**Action item:**
Reproduce the lines of the material exactly, excluding every image.

**Given information:**
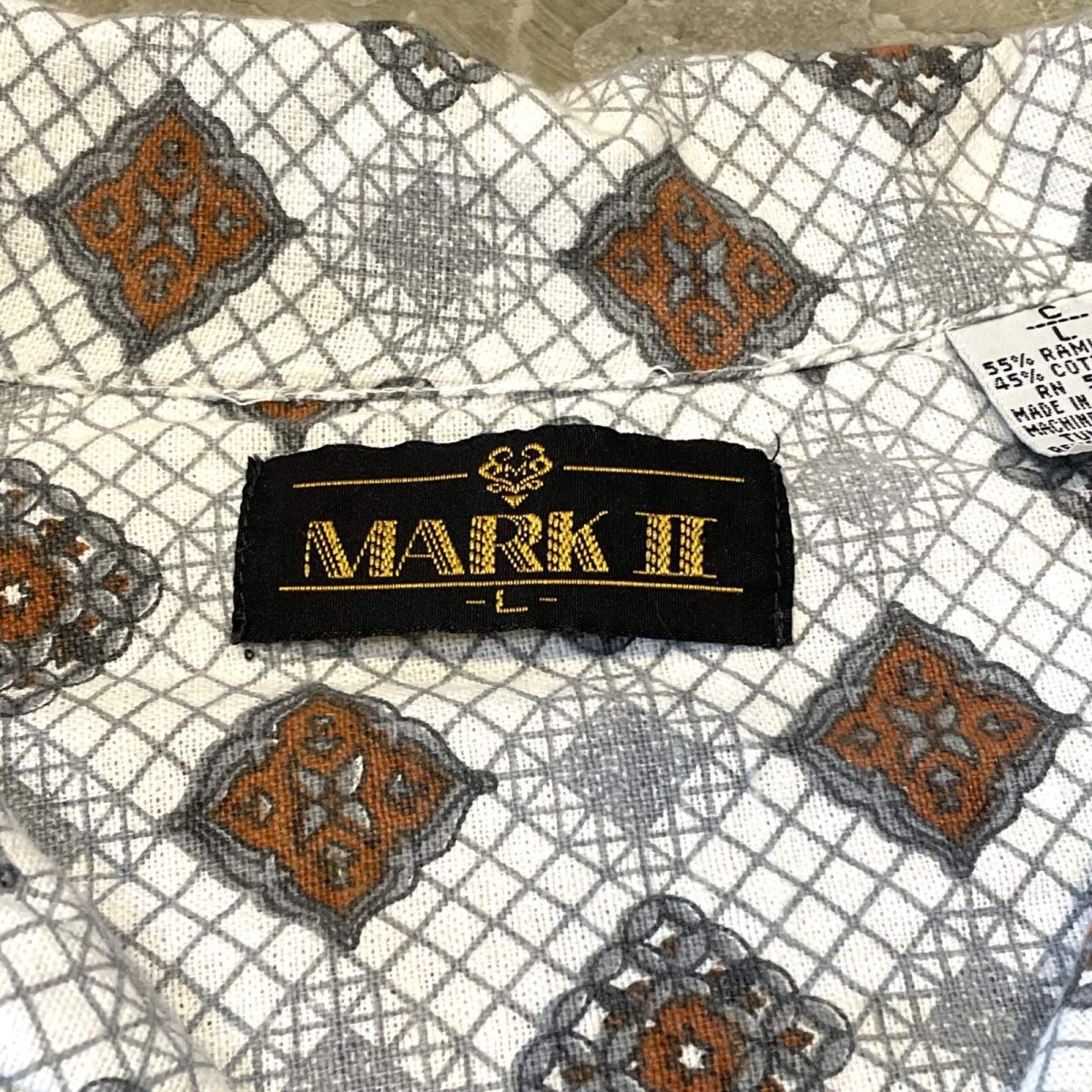 画像10: ALL OVER PATTERN OPEN COLLAR L/S PAJAMA SHIRT / Mens L (10)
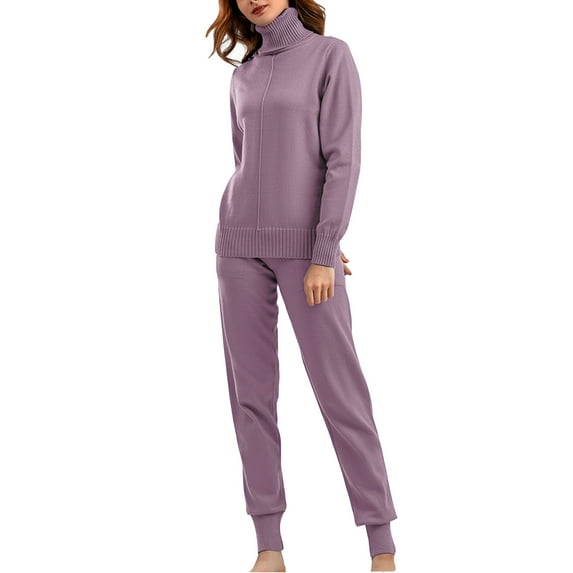 Babysbule Womens Fall Plus Top Sets Outfit Fashion Women Winter Knit Long Sleeved Pants Shirt Casual Two Piece Suit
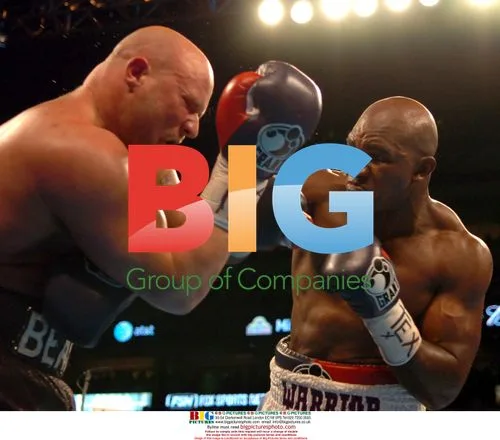 Evander Holyfield lands punch on Jeremy Bates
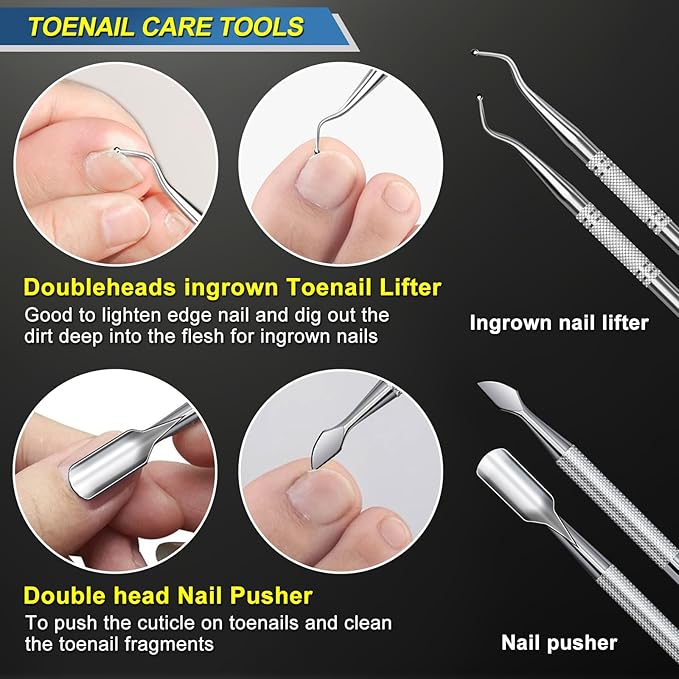 Toenail Clippers for Seniors Ingrown Thick Toenails, Heavy Duty Large Toe Nail Clippers for Men Thick Nails with Wide Opening, Sharp Ingrown Toenail Clippers Long Handle with Slanted Curved Blade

**Result:**
 画像10: ALL OVER PATTERN OPEN COLLAR L/S PAJAMA SHIRT / Mens L (10)
 Babysbule Womens Fall Plus Top Sets Outfit Fashion Women Winter Knit Long Sleeved Pants Shirt Casual Two Piece Suit
 Evander Holyfield lands punch on Jeremy Bates
 Toenail Clippers for Seniors Ingrown Thick Toenails, Heavy Duty Large Toe Nail Clippers for Men Thick Nails with Wide Opening, Sharp Ingrown Toenail Clippers Long Handle with Slanted Curved Blade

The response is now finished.